Brookfield took a number of insurance licences it acquired over the years and placed them in the newly created company, BAM Reinsurance. Then, it made the American Equity investment, with the policies flowing its way. “The simple story is that we will receive up to [US]$10-billion of cash, invest those funds in our alternatives and income-oriented investment strategies and, if we can out-earn the rates we pay on the liabilities, we will do very well.”

The new share issuance is similar to past manoeuvres Brookfield has done in issuing shares tied to its partnerships, such as in infrastructure, real estate and renewable energy. In this case, each share of BAM Reinsurance will have the same dividend as the Brookfield parent.

Mr. Flatt said on an investor conference call that the structure is the most efficient way for Brookfield to increase the insurance business, which needs more capital from the parent corporation than Brookfield’s other, more-mature listed partnerships.

For the third quarter, Brookfield reported profit of US$542-million, down from US$1.76-billion in 2019′s third quarter, when Brookfield was able to report hundreds of millions more in income and gains in value from its investments.

Brookfield’s funds from operations, or FFO, were US$1.04-billion, up from US$826-million in the prior year; the current period includes US$232 million in FFO from Oaktree, which wasn’t part of Brookfield in the third quarter of 2019.

Mr. Flatt continues to argue that the market is undervaluing Brookfield’s real estate investments, particularly in a low-interest-rate environment. Mr. Flatt said Brookfield recently sold one of its office buildings in London for 10 per cent higher than the price it paid for the property 12 months ago.

“It’s a perfect illustration of this point. ... Contrary to the sentiment that has existed in the market, this sale provides us with clear evidence that the high-quality real asset portfolio we own is today worth even more than it was just nine months ago.”

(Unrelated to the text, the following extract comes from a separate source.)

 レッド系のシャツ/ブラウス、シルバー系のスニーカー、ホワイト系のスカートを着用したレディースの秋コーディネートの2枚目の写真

That sentiment is seen on Brookfield’s balance sheet: It values its stake in its Brookfield Property Partners vehicle at US$15.2-billion, while the market value for the listed stock was US$6.7-billion at Sept. 30. It’s the third consecutive quarter that Brookfield has rejected the deep pessimism of investors in the public markets and embraced its optimistic long-term outlook.

Brookfield makes money from its fee-bearing portfolios of what it calls “alternative assets” – real estate, infrastructure, energy and distressed debt. The assets are placed in partnerships, some of which trade on U.S. and Canadian exchanges, and Brookfield attracts investments in the partnerships from major investors.

Brookfield said fundraising from those institutional investors totalled US$18-billion for the quarter, with US$12-billion of commitments to its latest Oaktree distressed-debt fund and US$6-billion for other strategies.